Le cor des Alpes : un arbre devenu chanteur

Le cor des Alpes : un arbre devenu chanteur

DEPUIS des siècles, des habitants des Alpes suisses se servent d’un moyen de communication atypique : le cor des Alpes. Bien qu’il n’ait pas l’air très maniable, l’instrument faisant jusqu’à deux fois la taille de l’instrumentiste, il est transportable manuellement. Certaines versions peuvent se démonter et se loger dans un étui adapté. Dans les hautes vallées alpines, son chant s’entend à plus de dix kilomètres à la ronde !

Fabrication

Traditionnellement taillé dans de l’épicéa, une essence qui croît en altitude, le cor est dans son élément au cœur des majestueuses Alpes suisses. En raison de l’influence du milieu, le conifère, qui pousse à flanc de colline, est naturellement courbé à la base.

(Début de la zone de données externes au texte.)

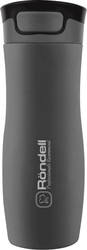 Термокружка Rondell Inspire RDS-497 0.4л (черный)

L’artisan commence par choisir un arbre. Il le fend précautionneusement en deux et évide chaque partie avec un ciseau à bois spécial. Cette seule opération prend jusqu’à 80 heures ! Ensuite, il lime et ponce l’intérieur des deux moitiés, puis les colle ensemble et les cercle solidement de lanières d’écorce de bouleau. Il fixe sur l’instrument un pied de bois qui le stabilisera pendant son utilisation. Enfin, après l’avoir muni d’une embouchure et avoir sculpté ou peint un motif sur son pavillon, il le couvre d’un vernis imperméabilisant.

Emplois traditionnels

Depuis des générations, les gardiens de troupeaux sonnent du cor du haut des alpages pour rassurer d’un “ tout va bien ” leurs familles restées dans la vallée. Cependant, l’interminable trompe servait surtout à appeler les vaches à l’heure de la traite. Les trayeurs helvétiques ont toujours pensé que ses accents mélodieux calmaient les bêtes durant le tirage du lait.

L’hiver, quand le bétail avait regagné l’étable, nombre d’éleveurs allaient exercer leur talent en ville contre quelques pièces qui arrondissaient leurs fins de mois. Il est par ailleurs arrivé qu’on sonne du cor pour appeler les hommes à la guerre.

Jouer n’est pas que souffler !

Le cor alpin n’ayant ni trous, ni clés, ni pistons, à première vue il peut sembler facile d’en jouer. Mais pour émettre la note voulue, il faut régler le passage de l’air dans le tube, ce qui est loin d’être un jeu d’enfant.

L’arbre devenu chanteur ne produit que 12 notes naturelles. Bien qu’il ne se prête pas à toutes les mélodies, certaines sont écrites spécialement pour lui et un corniste accompli peut faire preuve d’une virtuosité stupéfiante.

Des orchestrations de compositeurs célèbres comprennent des allusions au cor des Alpes. Par exemple, Leopold Mozart (père de Wolfgang Amadeus) a écrit la “ Sinfonia Pastorella ” pour orchestre et corno pastoritio, un cousin du cor suisse. Brahms a reproduit la sonorité du cor des Alpes au moyen de flûtes et de cors d’harmonie. Dans sa Symphonie pastorale, Beethoven a imité l’instrument pour évoquer une atmosphère bucolique.

On trouve la première mention du cor des Alpes dans un registre comptable de 1527 appartenant à l’abbaye Saint-Urbain, en Suisse. Aujourd’hui, près de 500 ans plus tard, son doux timbre d’antan enchante encore les splendides alpages helvétiques.

[Illustration, page 15]

Le cor des Alpes est démontable et portable.